Studio album by Heavy D & the Boyz
- Released: July 2, 1991
- Studio: Unique, New York City
- Genre: Hip hop; R&B; new jack swing;
- Length: 66:41
- Label: Uptown; MCA;
- Producer: DJ Eddie F; Teddy Riley; Pete Rock; Marley Marl; Howie Tee; Dave Hall & Nevelle Hodge;

Heavy D & the Boyz chronology
| Big Tyme (1989) | Peaceful Journey (1991) | Blue Funk (1992) |

Singles from Peaceful Journey
- "Is It Good to You" Released: 1991; "Now That We Found Love" Released: June 11, 1991; "Don't Curse" Released: 1991; "The Lover's Got What U Need" Released: 1991;

= Peaceful Journey =

Peaceful Journey is the third album by American rap group Heavy D & the Boyz.
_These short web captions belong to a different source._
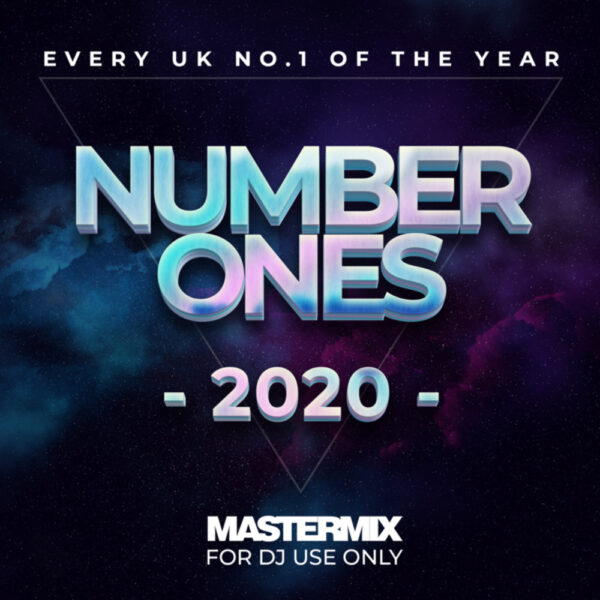 mastermix number ones 2020 front cover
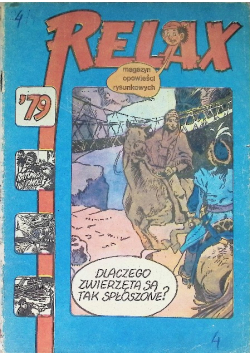Relax Zeszyt 24 / 79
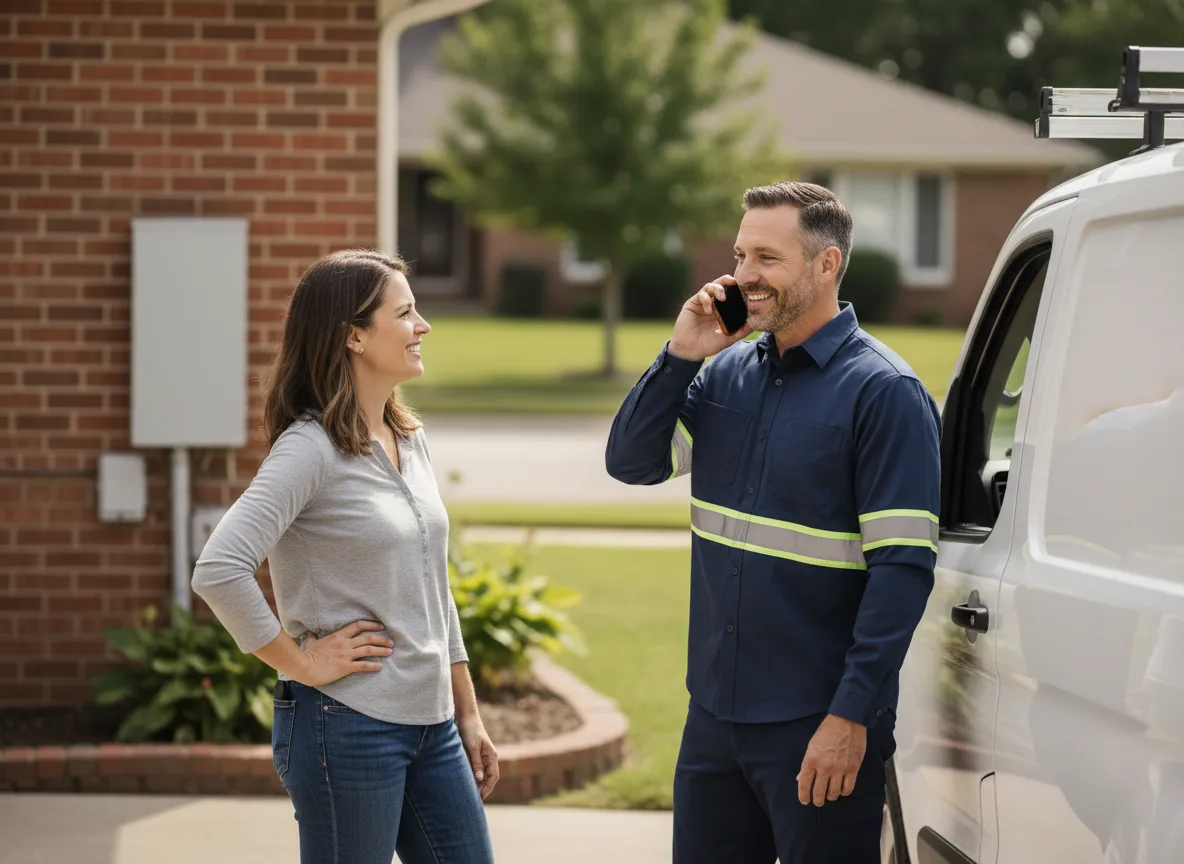 Electrical repair frequently asked questions in Hustonville, KY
It was released on July 2, 1991, for Uptown Records and was produced by Pete Rock, DJ Eddie F, Teddy Riley, Marley Marl and Howie Tee. This marked the group's first album since the death of member Trouble T Roy, who died almost a year before the album's release, and several songs on the album pay tribute to him. Though not as successful as the group's previous album, Big Tyme, the album was able to reach Platinum status and made it to number 21 on the Billboard 200 and number 5 on the Top R&B/Hip-Hop Albums chart.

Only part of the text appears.